We propose that BTC follow the latest GENCODE version for gene annotations, GENCODE Version 43. GENCODE is used for gene definitions by many consortia, including ENCODE, NCI Genomic Data Commons, Human Cell Atlas, and PCAWG (Pan-Cancer Analysis of Whole Genomes). Ensembl gene content is essentially identical to that of GENCODE (FAQ) and interconversion is possible.

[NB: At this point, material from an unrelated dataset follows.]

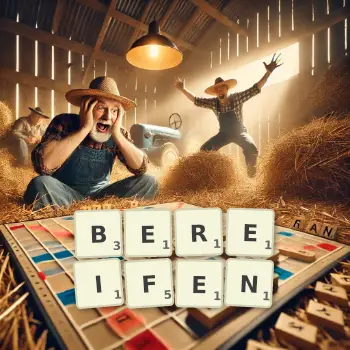 Kreative Illustration für ein Scrabble-Spiel, bei dem das Wort BEREIFEN mit Steinen auf dem Brett gelegt wurde.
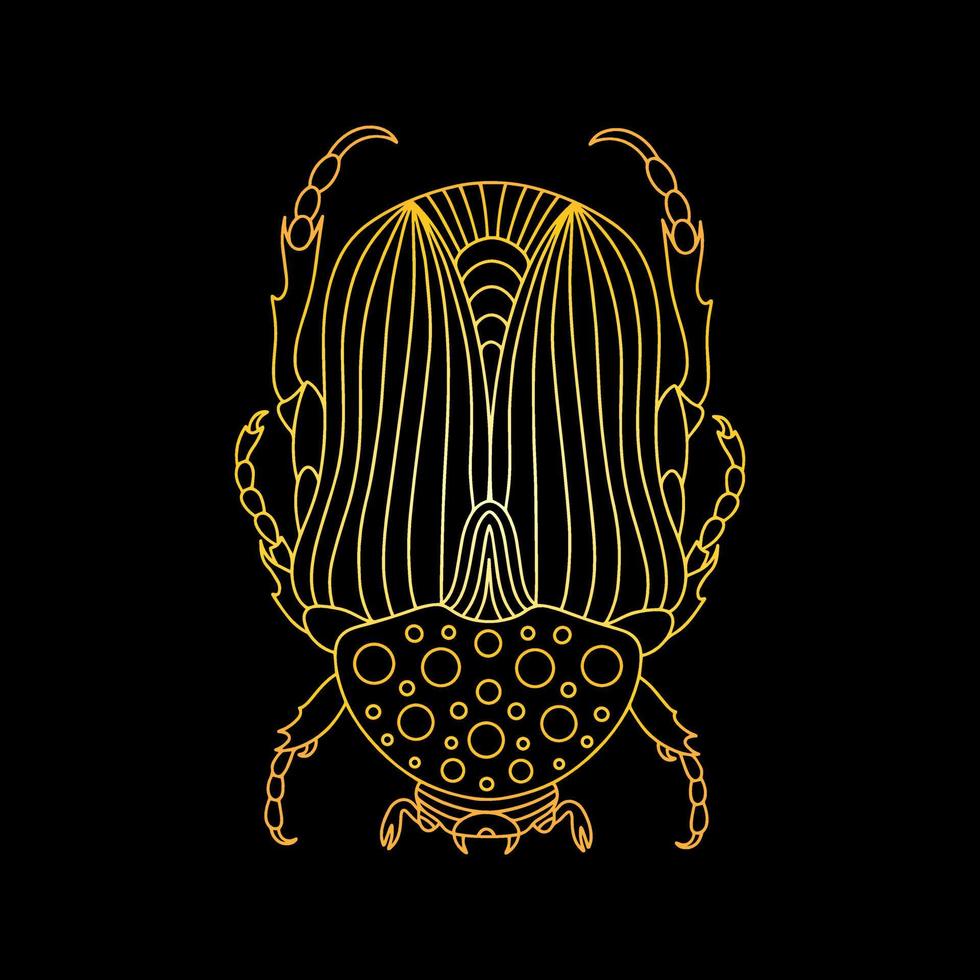 un escarabajo dorado en un estilo lineal. ilustración vectorial lineal vector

We further propose BTC adopt GENCODE 43 Gene Transfer Format (GTF) basic gene annotation file (GENCODE 43 GTF) and filtered files (GENCODE 43 GTF with genes only; GENCODE 43 GTF with genes only and retaining only chromosome X copy of pseudoautosomal region) for gene annotation. BTC may also include external data generated with other gene models, as the process of implementing the standard is ongoing. Within BTC metadata files, we propose the reference genome in use be specified in columns/attributes named “Genomic Reference” and “Genomic Reference URL”.
External Data
Data generated through efforts funded by other organizations is referred to as “external data”. BTC investigators are free (and encouraged) to utilize external data in BTC work, which will typically play out in one of two ways:
-
Ad-hoc: in which the investigator or their staff downloads external data to local institutional resources (e.g. on-prem compute or cloud) and references in their local BTC analyses; here the investigator and/or staff initiates & performs the collecting, aggregating and storing of external data on their institutional systems
-
DASH: investigator requests that BTC make external easily accessible to other BTC collaborators via DASH; either in raw form directly from the staging area or more formally with BTC identifiers attached so that the identity and provenance are clear
In the latter case of external data being assigned BTC IDs, a unique study name will be created to indicate that the dataset is from an external source, following the schema EXT_
- Enabling it to be seamlessly mingled with internal BTC data
- Then processed and analyzed at scale in downstream pipelines or analysis tools
- While making the external identity and provenance of the data clear
- And simplifying later bookkeeping and database tracing when assembling data for publication
but should not be interpreted as a claim that BTC now “owns” or is attempting to “re-brand” those external data.